Nessuno ne parla. Neppure gli addetti ai lavori sembrano farci molto caso. Nemmeno i costituzionalisti più avveduti paiono considerare l’eventualità. Eppure, se il 24 gennaio prossimo, la Corte costituzionale dovesse “promuovere”, seppur anche con alcune modifica, l’Italicum, la politica italiana rischierebbe di finire nuovamente al tappeto. Tramortita dall’ennesimo “montante” dopo quello popolare del 4 dicembre che – Gentiloni docet – non ha ancora generato né vinti, né vincitori: né quelli del sì che nonostante tutto continuano a governare, né quelli del no che, defenestrato Renzi, non hanno ottenuto il premio agognato: le elezioni.

Tolto, forse, l’eccessivo premio di maggioranza al partito capace di ottenere oltre il 40% dei consensi al primo turno, la restante parte dell’Italicum potrebbe sopravvivere alle forche caudine della Consulta: dal sistema di calcolo proporzionale su base nazionale, alle preferenze, alle soglie di sbarramento differenziate e persino ai capolista bloccati interpretabili – in extrema ratio – come mini liste bloccate mai – di fatto – cassate dalla suprema Corte.

Ciononostante, l’ipotesi di una promozione dell’Italicum appare scartata in partenza. Impossibile, incredibile. Tanto che è partita da tempo la corsa (per alcuni al galoppo, per altri al trotto, per altri ancora al passo e per i più restii alle elezioni, in surplace) alla nuova legge elettorale.

Ma il verificarsi dell’”impossibile” potrebbe scombinare nuovamente piani e, possibili future, alleanze. Un “colpo basso” (in linea di massima pienamente ingiustificabile) innanzitutto per Renzi e il PD costretto a riappropriarsi della “sua creatura” dopo le fiducie imposte per l’approvazione dell’Italicum e l’abiura pre-elettorale senza il coraggio di cambiarlo seduta stante.

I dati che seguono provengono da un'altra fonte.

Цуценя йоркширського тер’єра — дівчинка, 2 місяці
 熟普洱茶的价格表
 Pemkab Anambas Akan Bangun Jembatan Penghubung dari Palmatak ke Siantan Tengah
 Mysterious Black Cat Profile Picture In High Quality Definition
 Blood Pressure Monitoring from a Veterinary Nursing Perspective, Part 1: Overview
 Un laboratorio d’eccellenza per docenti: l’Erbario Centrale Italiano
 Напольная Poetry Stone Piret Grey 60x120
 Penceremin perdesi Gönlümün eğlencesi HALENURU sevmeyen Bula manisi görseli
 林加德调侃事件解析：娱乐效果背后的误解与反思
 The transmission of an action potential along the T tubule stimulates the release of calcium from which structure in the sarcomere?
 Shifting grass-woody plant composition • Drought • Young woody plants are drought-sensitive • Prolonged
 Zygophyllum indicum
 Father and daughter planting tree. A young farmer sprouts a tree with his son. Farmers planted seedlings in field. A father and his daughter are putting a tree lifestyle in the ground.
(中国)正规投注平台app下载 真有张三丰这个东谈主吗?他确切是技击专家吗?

Anche Forza Italia e il Cav potrebbero riportare serie conseguenze dalla validazione dell’Italicum. Innanzitutto perché si accelererebbero molto i tempi sulla strada del voto (come si sa Berlusconi è favorevole ad una conclusione naturale della legislatura) ma soprattutto perché il Cav sarebbe costretto – obtorto collo – ad un listone unico con la Lega e Fratelli d’Italia. Prospettiva assai indigesta per l’ex premier che potrebbe divenire il vero boomerang dell’appoggio al No nel referendum costituzionale del 4 dicembre.

Ma anche le altre forze del panorama politico non sarebbero meno spiazzate da un pronunciamento favorevole della Consulta a favore dell’Italicum. Il Centro sarebbe destinato ad aggregarsi “turandosi il naso” per tentare di tornare in Parlamento oppure – ipotesi assai più probabile almeno secondo alcune sensibilità manifestatesi durante la campagna referendaria – a un’alleanza indissolubile con il Pd che potrebbe creare le condizioni (assai convenienti – a quel punto – anche per Renzi) per un listone unico di centro-sinistra.

La minoranza Pd e la sinistra-sinistra sarebbero costrette a far “blocco” pena, da un lato, l’irrilevanza politica della prima (le liste, si ricordi bene, le farà Renzi che non ha dimenticato lo sgambetto referendario) e, dall’altro, il rischio di non tornare in Parlamento.

Persino i 5 Stelle, sulla carta molto favoriti dal “sistema italicum”, rischierebbero di trovarsi spiazzati dalla sua conferma tanto da essere costretti a bruciare i tempi: divenire “grandi” con un programma elettorale credibile anche per l’Europa (gli ultimi avvenimenti accreditano questa lettura) e, soprattutto, una classe dirigente all’altezza.

Insomma, il futuro della politica italiana passa ancora una volta – come spesso è accaduto negli ultimi lustri – dalle mani della Corte costituzionale che saprà giudicare secondo Costituzione. Attenzione!